Data in this exercise:
╔══

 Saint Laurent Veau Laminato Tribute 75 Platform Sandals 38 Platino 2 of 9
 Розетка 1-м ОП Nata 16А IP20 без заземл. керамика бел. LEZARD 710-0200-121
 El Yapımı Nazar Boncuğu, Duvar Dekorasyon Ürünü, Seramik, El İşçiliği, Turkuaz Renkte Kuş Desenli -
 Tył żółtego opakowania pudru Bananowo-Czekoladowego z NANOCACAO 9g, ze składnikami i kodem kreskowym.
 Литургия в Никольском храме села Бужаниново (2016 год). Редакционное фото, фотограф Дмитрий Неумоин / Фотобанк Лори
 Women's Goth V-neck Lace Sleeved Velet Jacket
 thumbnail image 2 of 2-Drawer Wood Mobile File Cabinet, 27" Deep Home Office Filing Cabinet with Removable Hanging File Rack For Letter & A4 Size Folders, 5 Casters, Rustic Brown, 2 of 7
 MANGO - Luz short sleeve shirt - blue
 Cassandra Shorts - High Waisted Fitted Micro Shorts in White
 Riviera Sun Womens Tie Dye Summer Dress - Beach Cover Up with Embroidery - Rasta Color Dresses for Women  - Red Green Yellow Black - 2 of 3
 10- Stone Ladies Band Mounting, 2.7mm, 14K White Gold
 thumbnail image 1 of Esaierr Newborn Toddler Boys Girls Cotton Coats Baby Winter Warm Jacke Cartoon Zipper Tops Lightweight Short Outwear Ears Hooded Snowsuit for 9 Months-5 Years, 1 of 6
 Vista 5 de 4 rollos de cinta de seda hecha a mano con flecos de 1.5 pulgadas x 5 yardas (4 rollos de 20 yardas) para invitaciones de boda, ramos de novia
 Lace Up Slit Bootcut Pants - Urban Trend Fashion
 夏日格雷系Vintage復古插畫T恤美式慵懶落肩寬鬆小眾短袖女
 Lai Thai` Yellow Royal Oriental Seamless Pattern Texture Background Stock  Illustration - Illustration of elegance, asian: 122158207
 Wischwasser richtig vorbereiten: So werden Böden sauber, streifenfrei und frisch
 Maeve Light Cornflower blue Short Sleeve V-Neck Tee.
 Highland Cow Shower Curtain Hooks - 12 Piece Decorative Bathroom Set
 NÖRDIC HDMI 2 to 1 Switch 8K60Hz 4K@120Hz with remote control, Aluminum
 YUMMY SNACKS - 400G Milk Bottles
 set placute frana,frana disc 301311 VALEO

╚══

Work task:
Which lines of the records above hold the word "blue"? Copy each one out.

Expected output:
 MANGO - Luz short sleeve shirt - blue
 Maeve Light Cornflower blue Short Sleeve V-Neck Tee.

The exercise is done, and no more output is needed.